Rachel was rapturously happy. Gazing along the dim rows, she descried many young couples, without recognizing anybody at all, and most of these couples were absorbed in each other, and some of the girls seemed so elegant and alluring in the dusk of the theatre, and some of the men so fine in their manliness! And the ruby-studded gloom protected them all, including Rachel and Louis, from the audience at large.

The screen glowed again. And as it did so Louis gave a start.

“By Jove!” he said, “I’ve left my stick somewhere. It must have been at Heath’s. Yes, it was. I put it on the counter while I opened this net thing. Don’t you remember? You were taking some money out of your purse.” Louis had a very distinct vision of his Rachel’s agreeably gloved fingers primly unfastening the purse and choosing a shilling from it.

“How annoying!” murmured Rachel feelingly.

“I wouldn’t lose that stick for a five-pound note.” (He had a marvellous way of saying “five-pound note.”) “Would you mind very much if I just slip over and get it, before he shuts? It’s only across the road, you know.”

There was something in the politeness of the phrase “mind very much” that was irresistible to Rachel. It caused her to imagine splendid drawing-rooms far beyond her modest level, and the superlative deportment therein of the well-born.

“Not at all!” she replied, with her best affability. “But will they let you come in again without paying?”

“Oh, I’ll risk that,” he whispered, smiling superiorly.

Then he went, leaving the reticule, and she was alone.

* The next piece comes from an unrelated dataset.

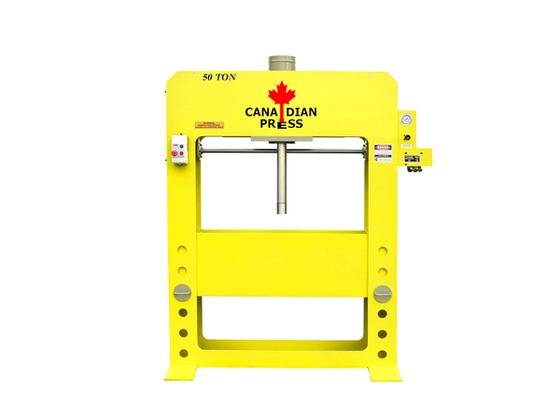 Canada Press - 50 Ton Hydraulic Press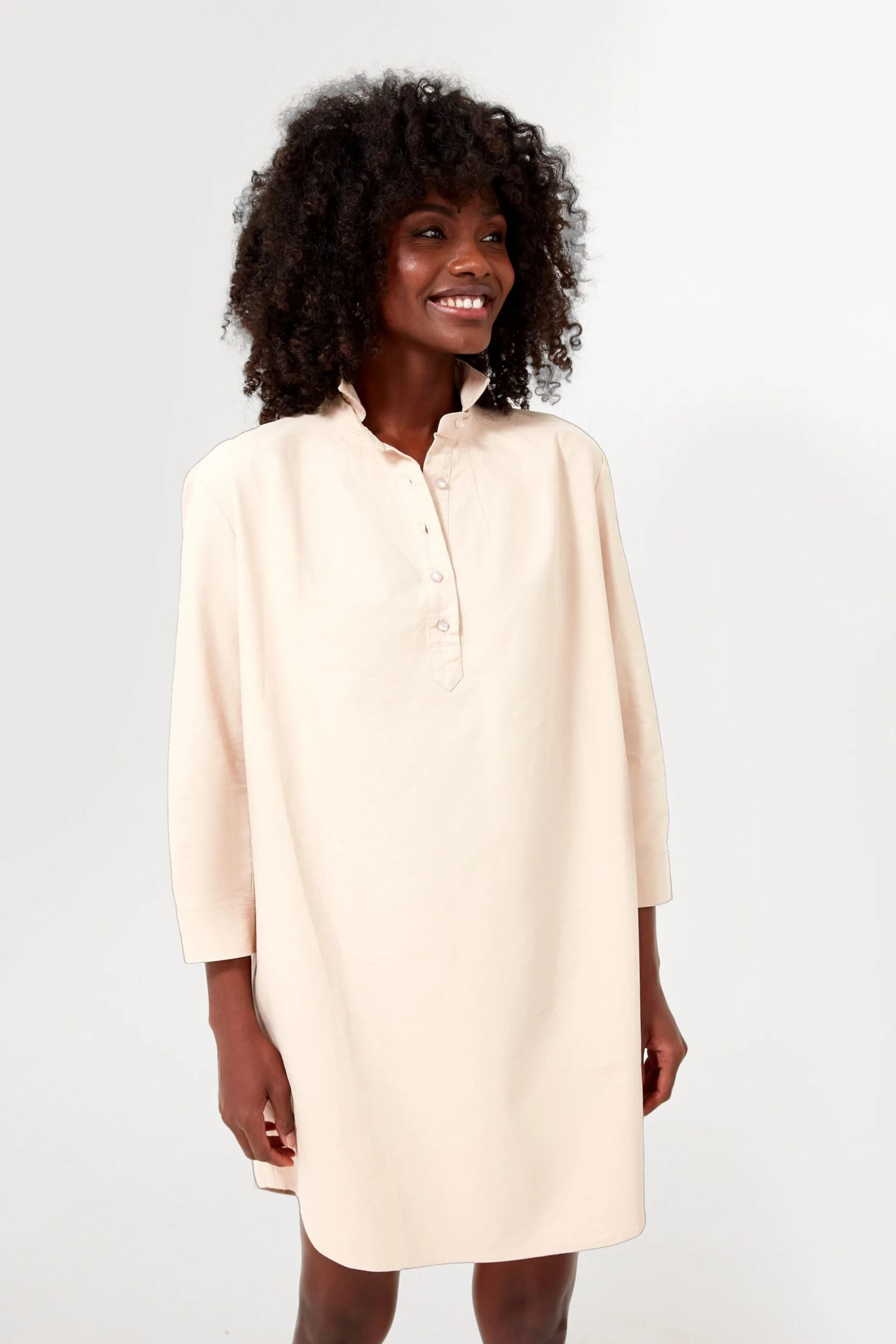 Tan Polly Dress - Image 3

She rearranged the reticule on the seat by her side. The reticule being already perfectly secure, there was no need for her to touch it, but some nervous movement was necessary to her. Yet she was less self-conscious than she had been with Louis at her elbow. She felt, however, a very slight sense of peril – of the unreality of the plush fauteuil on which she sat, and those rows of vaguely discerned faces on her right; and the reality of distant phenomena such as Mrs. Maldon in bed. Notwithstanding her strange and ecstatic experiences with Louis Fores that night in the dark, romantic town, the problem of the lost money remained, or ought to have remained, as disturbing as ever. To ignore it was not to destroy it. She sat rather tight in her place, increasing her primness, and trying to show by her carriage that she was an adult in full control of all her wise faculties. She set her lips to judge the film with the cold impartiality of middle age, but they persisted in being the fresh, responsive, mobile lips of a young girl. They were saying noiselessly: “He will be back in a moment. And he will find me sitting here just as he left me. When I hear him coming I shan’t turn my head to look. It will be better not.”

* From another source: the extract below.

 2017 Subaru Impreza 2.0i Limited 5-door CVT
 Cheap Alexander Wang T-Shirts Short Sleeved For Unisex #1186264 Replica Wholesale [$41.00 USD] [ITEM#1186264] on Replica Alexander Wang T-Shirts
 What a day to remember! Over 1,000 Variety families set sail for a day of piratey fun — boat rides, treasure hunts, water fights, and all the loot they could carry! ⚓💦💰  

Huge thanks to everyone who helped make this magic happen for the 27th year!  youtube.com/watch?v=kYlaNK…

The film showed a forest with a wooden house in the middle of it. Out of this house came a most adorable young woman, who leaped on to a glossy horse and galloped at a terrific rate, plunging down ravines, and then trotting fast over the crests of clearings. She came to a man who was boiling a kettle over a camp-fire, and slipped lithely from the horse, and the man, with a start of surprise, seized her pretty waist and kissed her passionately, in the midst of the immense forest whose every leaf was moving. And she returned his kiss without restraint. For they were betrothed. And Rachel imagined the free life of distant forests, where love was, and where slim girls rode mettlesome horses more easily than the girls of the Five Towns rode bicycles. She could not even ride a bicycle, had never had the opportunity to learn. The vision of emotional pleasures that in her narrow existence she had not dreamed of filled her with mild, delightful sorrow. She could conceive nothing more heavenly than to embrace one’s true love in the recesses of a forest…. Then came crouching Indians…. And then she heard Louis Fores behind her. She had not meant to turn round, but when a hand was put heavily on her shoulder she turned quickly, resenting the contact.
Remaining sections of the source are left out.